Bra Yster would also have us believe that he’s been nothing but a disciplined cadre, and a hard-working servant of the people. Across the Free State, he claims to have paved and tarred innumerable roads.

During his time, he boasts, potholes were non-existent. When cramped 40 square metre house were being built for the poor in his province, he found this unacceptable, deciding eventually to put them into bigger 50 square metre abodes, even though Myburgh says that during the nine years of Magashule’s premiership the auditor-general showed ‘that the [Human Settlements] department incurred irregular expenditure totalling a jaw-dropping R7 billion’.

Although there are those who refer to him as Mr Ten Percent – denoting that he allegedly demanded kickbacks of ten percent of the value of provincial tenders – Magashule says his hands are clean, and he has received ‘no cent from any company’.

Gangster State is replete with all manner of searing allegations laid at Magashule’s door – too many to cram into one article.
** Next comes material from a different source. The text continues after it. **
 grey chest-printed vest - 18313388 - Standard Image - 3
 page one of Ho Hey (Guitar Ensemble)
Readers can order the book from the Mongezi Juda Library in Kuyasa.

As for the upcoming elections, Magashule declares: ‘We are going to do very well.’ They’ll not only win the Free State, he says, but also Northern Cape and the North West, home to his staunch ally Supra Mohumapelo, in what was then known as the Premier’s League.

He also foresees gaining a foothold in Gauteng and the Eastern Cape, and does not dismiss the possibility of working with other ‘progressive forces’ should the ACT find itself in parliament. What he does, however, vehemently reject is the insinuation that he has always been eyeing the presidency. ‘I’m not even aiming to become president,’ he says, ‘I just want to serve.’
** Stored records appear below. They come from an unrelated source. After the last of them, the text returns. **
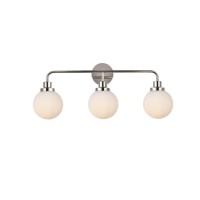 Hanson 3 Lights Bath Sconce In Polished Nickel With Frosted Shade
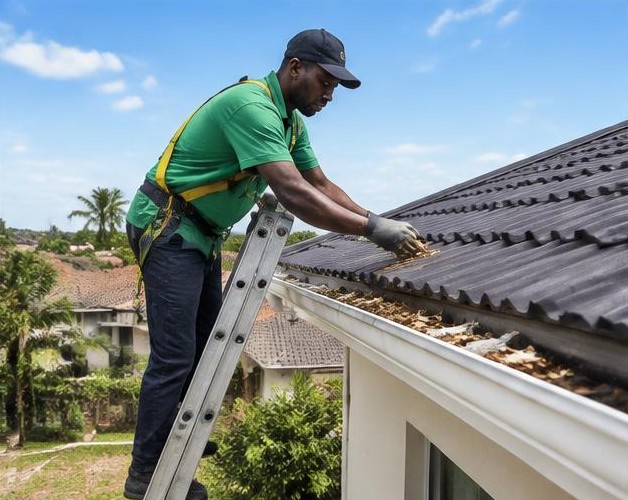 Roof gutter maintenance illustrated by people carrying out the activity in Nigeria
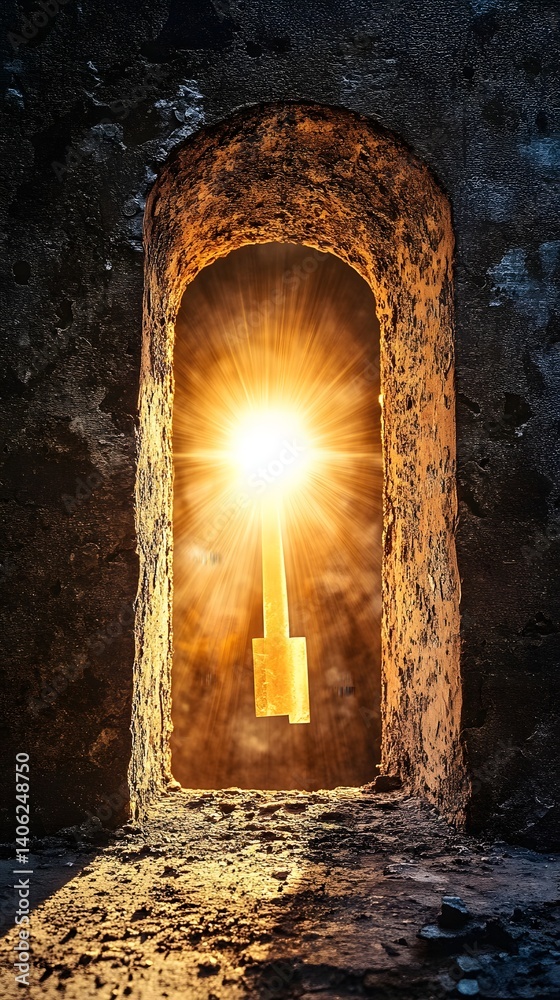 Fototapeta premium Ancient Keyhole Illuminating Sunlight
In the main, Magashule believes that white monopoly capitalists have been hovering in the wings, meticulously planning to maintain the status quo of white dominance since Madiba’s release from prison – and have found an amiable yes-man in Ramaphosa. He is also concerned that ‘white parties are coming together [and] deliberately establishing splinter black parties’.
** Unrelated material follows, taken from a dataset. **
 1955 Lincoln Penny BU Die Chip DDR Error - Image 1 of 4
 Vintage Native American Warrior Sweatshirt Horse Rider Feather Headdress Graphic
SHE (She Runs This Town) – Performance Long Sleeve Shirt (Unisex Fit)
New-look Ace in a t-shirt of his political party, the African Congress for Transformation. Image: Facebook.

In his view, ensembles like ActionSA and the mushrooming new black parties are nothing other than an invisible white hand deliberately set to play ‘divide and conquer’. He wants all black parties to converge under a single umbrella, because by his reckoning the forthcoming election is ‘wafa wafa’ – do or die – and ‘if we miss it this time as blacks and Africans in particular, forget, our country will go forever’.

This seems to be the same pan-Africanist backbone that informs, among others, the ACT, EFF and PAC. In the meantime, the ACT still aims to consult with ‘the people’ on policy and a way forward, and although there have been talks with the EFF, Magashule says he is not interested in joining the Red Brigade.

Be that as it may, the ‘white and foreign threats’ are poised to be major talking points in the forthcoming ballot. As previously written, ActionSA and Operation Dudula have been quick out of the starting blocks on immigration. Racial paranoia remains so intimately woven into the social fabric that it would be remiss to imagine that it won’t be a prominent feature.

On the other side, RISE Mzansi aims to reconfigure what is considered a pejorative term as it postures itself as a party in which ‘clever blacks’ are gifts to be celebrated, harnessed and protected.

In another bizarre twist, former Chief Justice Mogoeng Mogoeng has declared that God has told him three times that he will be president of South Africa some day. According to Mogoeng, ‘he doesn’t want it to happen through an electoral process, he doesn’t want me join or form a political party. It’s going to be miraculous.’

But back to Ace. Whether after such divine pronouncements voters will still remember the lanky ex-footballer from Parys (who has been known to hand out wads of cash on the campaign trail) fondly enough to entrust him with their vote remains to be seen. But it would appear that the Magashule everyone thought was done for has been holding an ace up his sleeve.